Julius Stewart

(American, 1855 - 1920)

Julius L. Stewart was born in Philadelphia but received his artistic training in Paris, where he remained for the rest of his life. He studied with Jean Leon Gerome (1824 1904) and Raymundo de Madrazo (1841 1920). Working in a wide variety of genres, including landscapes, cityscapes (particularly Venice), and figural subjects, as well as portraits of society figures and celebrities such as the actress Sarah Bernhardt, he is best known for his large scale genre paintings of fashionable life: shipboard scenes, christenings, balls, and supper parties in which the figures are often portraits of friends or patrons of the artist, who moved freely in international society. Stewart exhibited primarily in Europe and won numerous awards, including medals at the Paris Salon in 1885 and 1890, a gold medal at the Berlin International Art Exhibition in 1891, and grand prize gold medals in Berlin in 1895 and Munich in 1901. He was decorated with the Order of Leopold of Belgium in 1894 and the Cross of the French Legion of Honor in 1895 (he became an officer in 1901). His American exhibition record includes showings at the Philadelphia Club, The Art Institute of Chicago (1904 and 1914), and the Pennsylvania Academy of the Fine Arts in Philadelphia (intermittently between 1877 and 1913).

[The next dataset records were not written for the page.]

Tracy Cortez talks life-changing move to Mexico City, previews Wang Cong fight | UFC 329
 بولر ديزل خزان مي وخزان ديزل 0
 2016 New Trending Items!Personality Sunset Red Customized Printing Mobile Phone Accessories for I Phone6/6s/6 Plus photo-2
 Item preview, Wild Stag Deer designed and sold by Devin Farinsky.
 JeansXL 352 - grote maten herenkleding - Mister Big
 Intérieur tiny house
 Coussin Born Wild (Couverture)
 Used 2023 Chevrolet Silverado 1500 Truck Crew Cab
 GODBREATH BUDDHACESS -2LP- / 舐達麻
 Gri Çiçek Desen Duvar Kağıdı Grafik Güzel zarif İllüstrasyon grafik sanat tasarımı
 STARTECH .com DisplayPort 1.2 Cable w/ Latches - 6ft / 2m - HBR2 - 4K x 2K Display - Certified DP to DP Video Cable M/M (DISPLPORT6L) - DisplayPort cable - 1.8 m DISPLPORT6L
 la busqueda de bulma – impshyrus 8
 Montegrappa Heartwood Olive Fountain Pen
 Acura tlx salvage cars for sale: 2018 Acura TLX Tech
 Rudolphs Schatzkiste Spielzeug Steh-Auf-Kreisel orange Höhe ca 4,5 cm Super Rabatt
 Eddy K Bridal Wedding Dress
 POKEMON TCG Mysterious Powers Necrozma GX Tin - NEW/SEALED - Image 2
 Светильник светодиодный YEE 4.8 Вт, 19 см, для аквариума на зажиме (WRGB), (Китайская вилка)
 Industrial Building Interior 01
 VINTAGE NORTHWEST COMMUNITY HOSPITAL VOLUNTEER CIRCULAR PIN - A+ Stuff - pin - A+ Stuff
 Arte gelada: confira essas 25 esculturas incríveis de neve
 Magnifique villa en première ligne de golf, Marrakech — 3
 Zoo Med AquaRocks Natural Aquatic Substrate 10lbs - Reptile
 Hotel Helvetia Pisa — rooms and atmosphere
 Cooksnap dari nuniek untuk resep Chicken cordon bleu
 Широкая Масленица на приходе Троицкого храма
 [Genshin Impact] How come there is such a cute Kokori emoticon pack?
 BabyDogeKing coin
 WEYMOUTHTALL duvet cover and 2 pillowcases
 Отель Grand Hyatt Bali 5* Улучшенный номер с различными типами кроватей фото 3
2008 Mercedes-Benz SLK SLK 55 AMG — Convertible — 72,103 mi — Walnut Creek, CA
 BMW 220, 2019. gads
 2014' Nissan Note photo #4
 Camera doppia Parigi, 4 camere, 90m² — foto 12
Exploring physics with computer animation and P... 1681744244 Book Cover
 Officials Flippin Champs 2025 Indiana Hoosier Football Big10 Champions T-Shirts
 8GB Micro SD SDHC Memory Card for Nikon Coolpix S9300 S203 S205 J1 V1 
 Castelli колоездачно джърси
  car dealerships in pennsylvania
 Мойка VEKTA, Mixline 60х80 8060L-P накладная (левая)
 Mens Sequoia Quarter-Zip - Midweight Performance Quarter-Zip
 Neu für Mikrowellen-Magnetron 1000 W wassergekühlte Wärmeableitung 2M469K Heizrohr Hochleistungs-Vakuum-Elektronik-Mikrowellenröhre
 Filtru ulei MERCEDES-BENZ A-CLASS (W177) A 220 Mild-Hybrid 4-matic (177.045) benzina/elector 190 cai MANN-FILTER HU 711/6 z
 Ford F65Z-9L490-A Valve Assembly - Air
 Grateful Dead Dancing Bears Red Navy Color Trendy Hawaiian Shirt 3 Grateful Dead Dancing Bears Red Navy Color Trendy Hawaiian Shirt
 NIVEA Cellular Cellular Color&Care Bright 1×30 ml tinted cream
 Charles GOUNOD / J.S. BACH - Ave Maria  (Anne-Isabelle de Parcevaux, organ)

Stewart served on juries and advisory boards for the Exposition Universelle in Paris in 1889, the World's Columbian Exposition in Chicago in 1893, the Louisiana Purchase Exposition in Saint Louis in 1904, and the Liege exhibition in 1905. In 1894, he was elected a member of the Society of the Fine Arts in Paris. He was also a member of the Paris Society of American Artists as well as art societies in Berlin and Munich. One of the outstanding expatriate American painters in France, he died in Paris in 1919. His works are in museums and private collections throughout the United States and Europe.